JV: It was all written. I feel like all the great dramas of cinema have hysterically funny moments. If you go back and look at GoodFellas, Joe Pesci is hysterically funny in that movie. You go back and look at The Godfather, you know, it’s, “Leave the gun, take the cannoli.” Moments of levity, especially in dramas, are very, very important. Obviously we had fabulous actors for it, but Robert Graysmith as a character is a funny guy. Paul Avery as a character is a hoot to write. And the other thing is the great lie that film drama usually tells about the cops—and to a lesser extent, reporters—is that they’ll stand at a bloody crime scene and look down at the body and go, “Ughh, such a waste. We’re going to get this bastard!” When in reality, it’s Gallows humor. It’s joking about this, joking about that—stuff they need to do to get through the day and deal with that. But homicide detectives are very darkly funny people, as are reporters. So I thought the comedy was actually fairly accurate in terms of how people deal with death and horror—they usually crack a joke.

MM: The film is a bit reminiscent of All the President’s Men, in that much of the film’s “action” takes place in the process of fact-finding and the collecting of information. How do you keep the suspense going within those parameters?

JV: I think if you go back and look at All the President’s Men—which we talked about a lot—it’s a very different sort of movie. But it’s similar in the sense that, first of all, it’s just a lot of talking. God forbid we make a movie in 2007 in Hollywood that has a lot of people talking as opposed to car chases and stuff blowing up! I think what fuels the suspense for me was the mystery of it—trying to figure this out. In some ways it’s sort of a differently structured film than people are used to.

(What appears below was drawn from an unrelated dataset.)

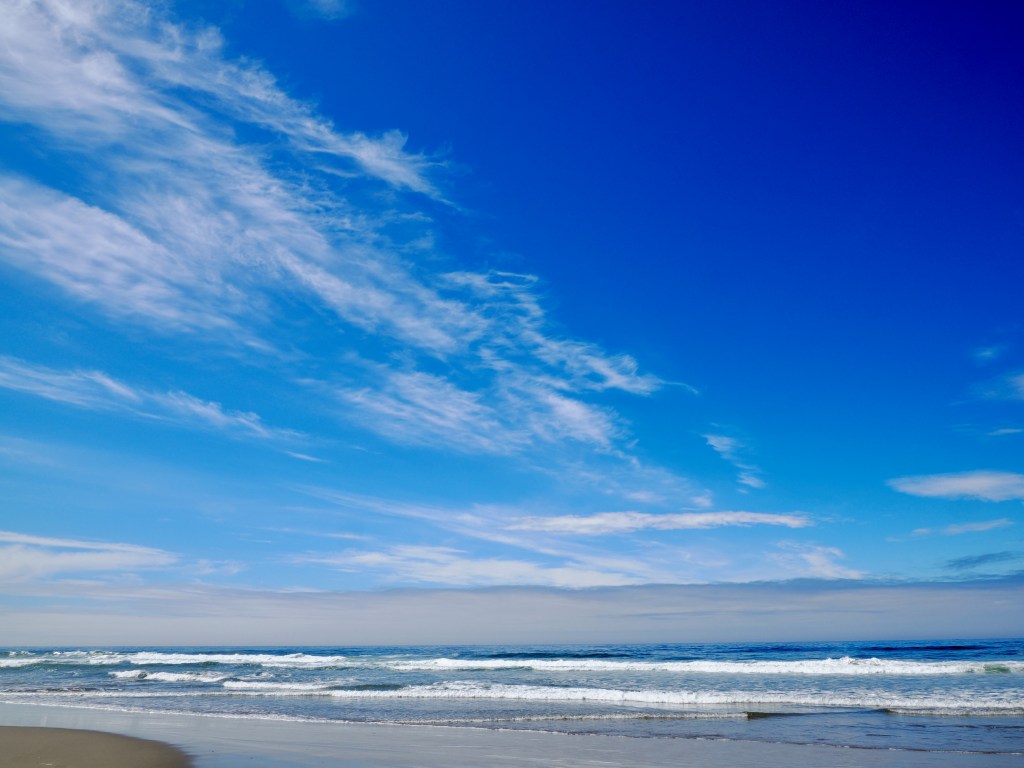 sandy beach, surf and blue sky with white clouds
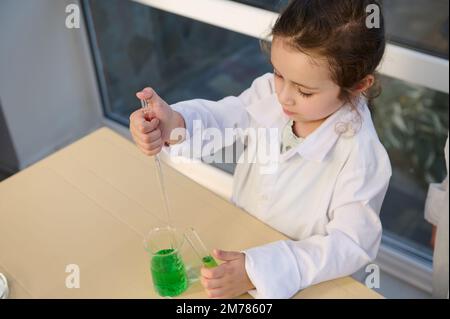 Petite fille en blouse de laboratoire, goutte de liquide chimique dans un bécher, à l'aide d'une pipette graduée en laboratoire de chimie Banque D'Images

Usually there’s a thriller with a killer and the murder scenes are kind of used as little rewards for the audience. [In Zodiac], these are real people who had horrible things happen to them and we wanted to make sure that we didn’t use their tragedies as little cinematic “treats” for people.

The suspense, for me, is sort of in how these guys get sucked into the case and get sucked down the rabbit hole and what happens to their lives. That doesn’t necessarily mean that they’re always in physical danger every second. It’s not Speed. There are no bombs strapped to you (although there is a bus bomb threat).

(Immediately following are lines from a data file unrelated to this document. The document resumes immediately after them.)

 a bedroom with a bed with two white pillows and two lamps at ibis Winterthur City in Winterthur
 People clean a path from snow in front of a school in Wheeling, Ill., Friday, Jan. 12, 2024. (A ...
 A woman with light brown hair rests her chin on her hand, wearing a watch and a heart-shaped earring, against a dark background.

MM: Speaking of All the President’s Men: You’ve been working on an adaptation of former terrorism czar Richard Clarke’s memoir, Against All Enemies, a highly coveted project. How does this script complement Zodiac? How is it different?

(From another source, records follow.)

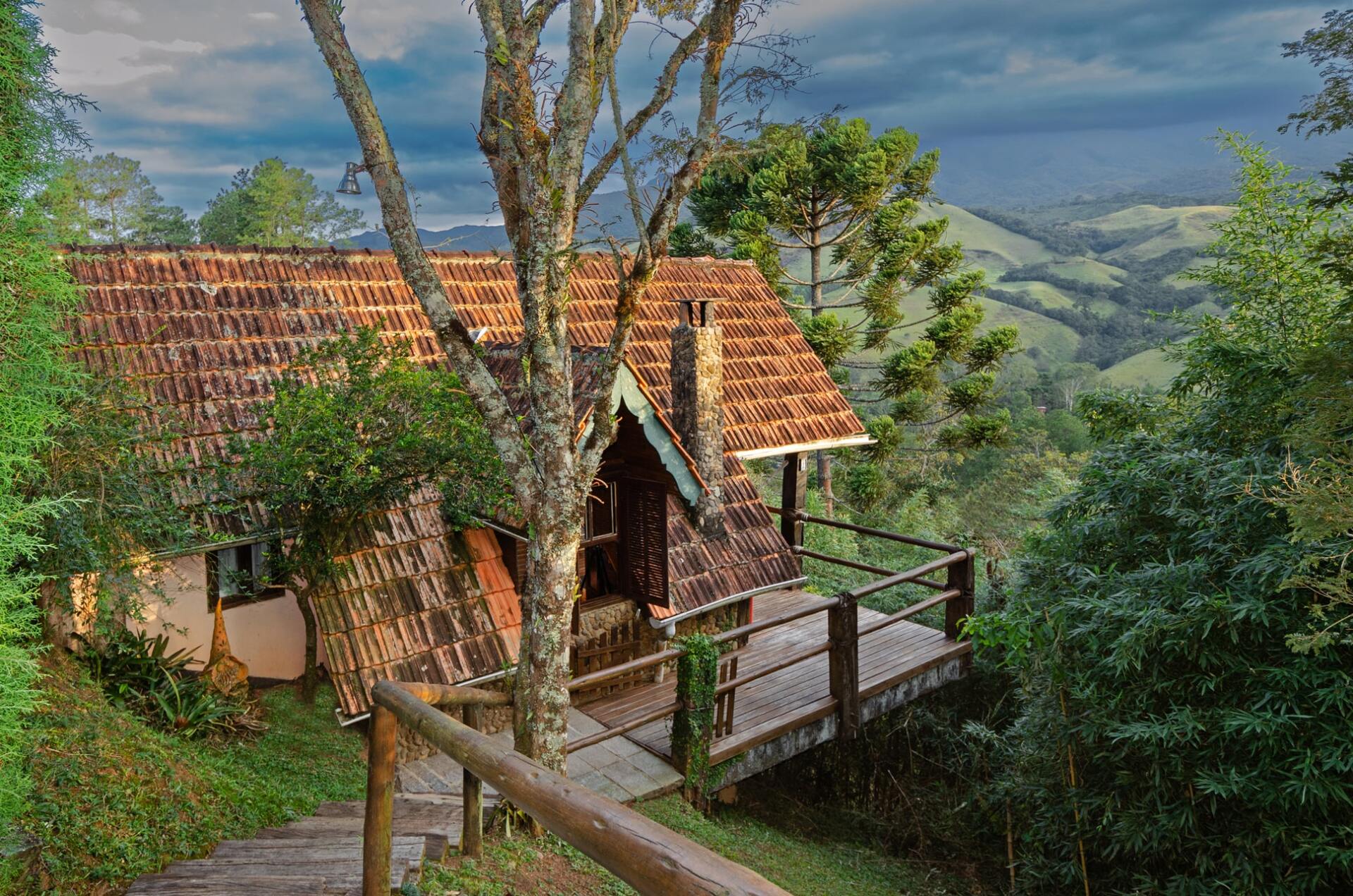 Uma pequena casa com um deck de madeira no meio de uma floresta.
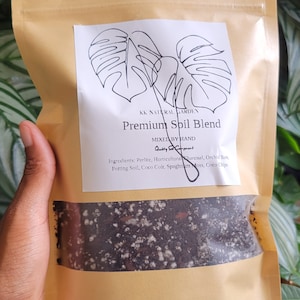 May include: A brown paper bag with a white label that says "KK Natural Garden Premium Soil Blend Mixed by Hand Quality Soil Components" and lists the ingredients: Perlite, Horticultural Charcoal, Orchid Bark, Potting Soil, Coco Coir, Spaghnum Moss, Coco Chips. The bag is filled with a dark brown soil mix.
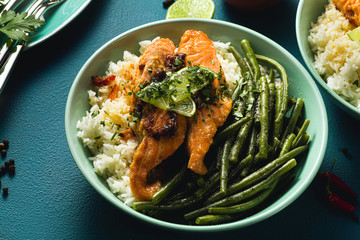 fresh salmon fried with ginger and garlic in coconut milk, with basmati rice and green beans in plates on the table. healthy recipe for the whole family.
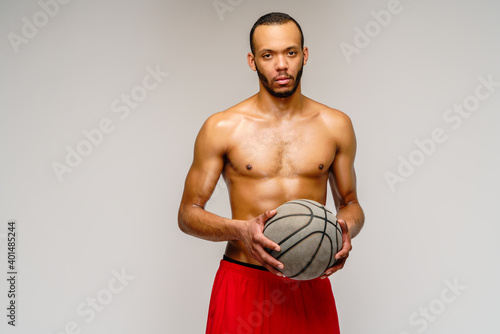 Muscular african american sportsman playing basketball shitless over light grey background photo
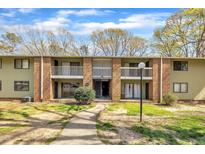 Three story apartment building featuring brick facade and second floor balconies, complimented by a green lawn at 1283 Schaub Dr # B, Raleigh, NC 27606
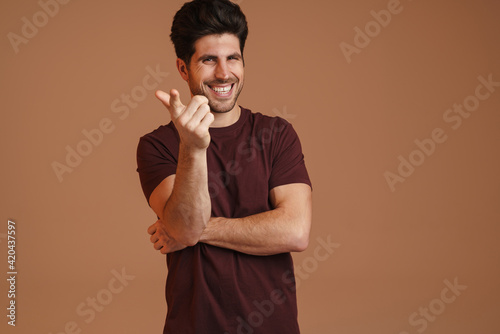 Joyful masculine man smiling and pointing finger at camera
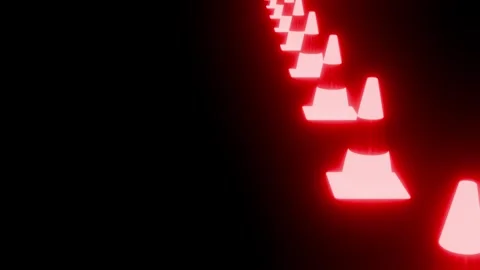 Red glowing traffic cones forming a path on a black background Stock Footage 340646667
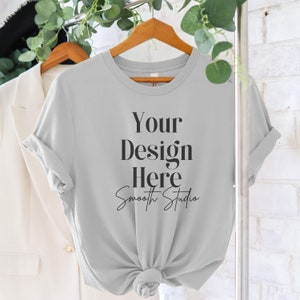 May include: A light gray t-shirt with short sleeves hanging on a wooden hanger. The shirt has the text "Your Design Here" and "Smooth Studio" written on it.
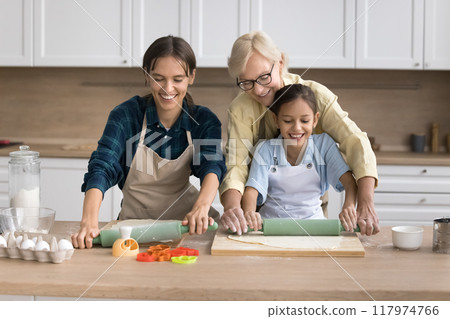 Cute helper kid girl helping mom and grandma to bake 117974766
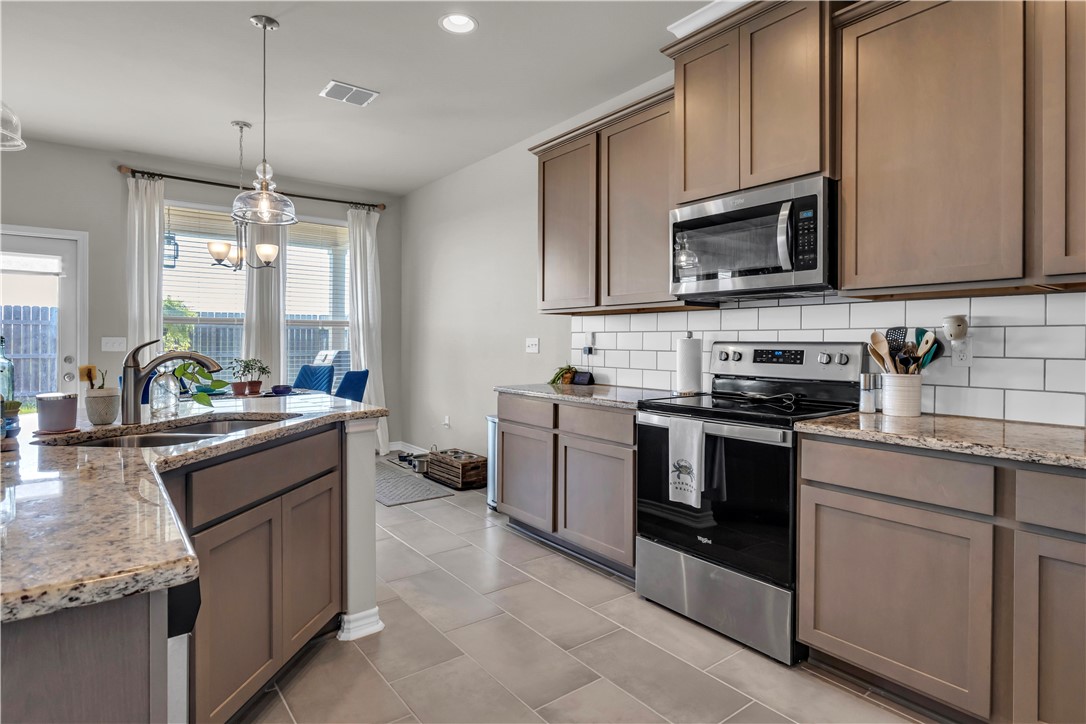 1033 Ocean Breeze Portland, TX 78374 - Photo 27 of 38 a kitchen with a sink stove and microwave
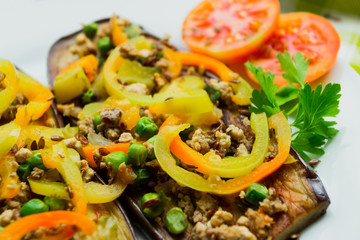 Fried eggplants with minced meat and different vegetables, flaxseed decoration, finished dish
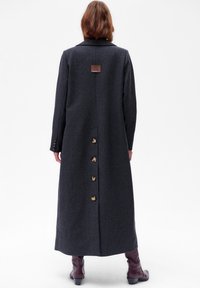 Lang, donkergrijze wollen jas met een gestructureerd ontwerp, met een achterventing en gouden knopen langs het midden. Bruin label op de kraag.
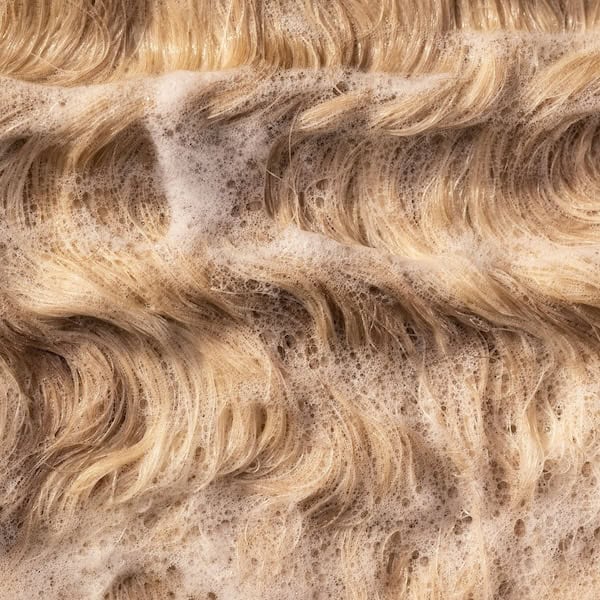 Sudsy wavy blonde hair.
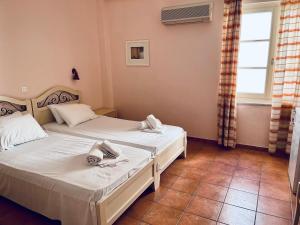 two beds in a small room with a window at A Hotel in Spetses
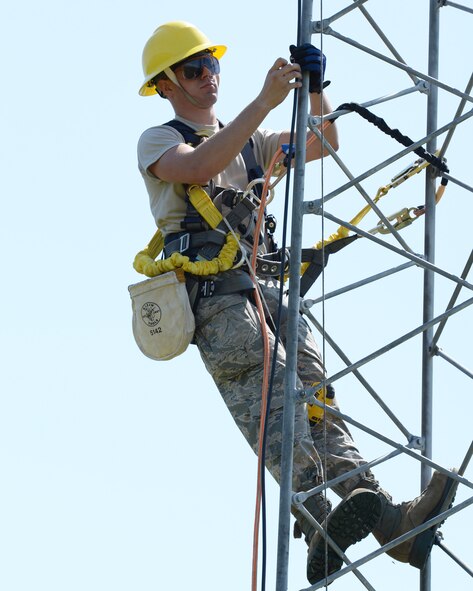 Airman 1st Class Mark Dunton works on upgrading lightning protection and grounding on a communications tower at Pease Air National Guard Base, N.H., on June 22, 2015.The installation of the lightning protection gear helps protect resources such as radios that 157th Air Refueling Wing Airmen use to support the mission.  Dunton is assigned to the 243rd Engineering Installation Squadron, Maine Air National Guard in South Portland, Maine.  (U.S. Air National Guard photo by Staff Sgt. Curtis J. Lenz)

JV: I haven’t talked to as many people, just because a lot of them still work in government and probably aren’t very excited to have a screenwriter poking around in their dirty laundry as much as a retired cop might be. I still tried to speak to some people about it, including Dick and the people who worked with him. I think the similarity is that he was somebody who was very dedicated to his job and lived with it and really emotionally succeeded and failed with it. It’s a great thing to have somebody in government who feels that way about national security. It’s also very different in that it’s more about how we got to where we are, so it’s a much broader. But the approach, at least for me, was the same in the sense that these are real people and this stuff really happened to them and you have to have a great deal of respect for them. The world isn’t white hats and black hats—it’s not just good guys and bad guys. That’s not how real life works and so, what I’m interested in when I tell a true-life story is the grey areas. And in both these stories I think there are a bunch of grey areas that are exciting to explore.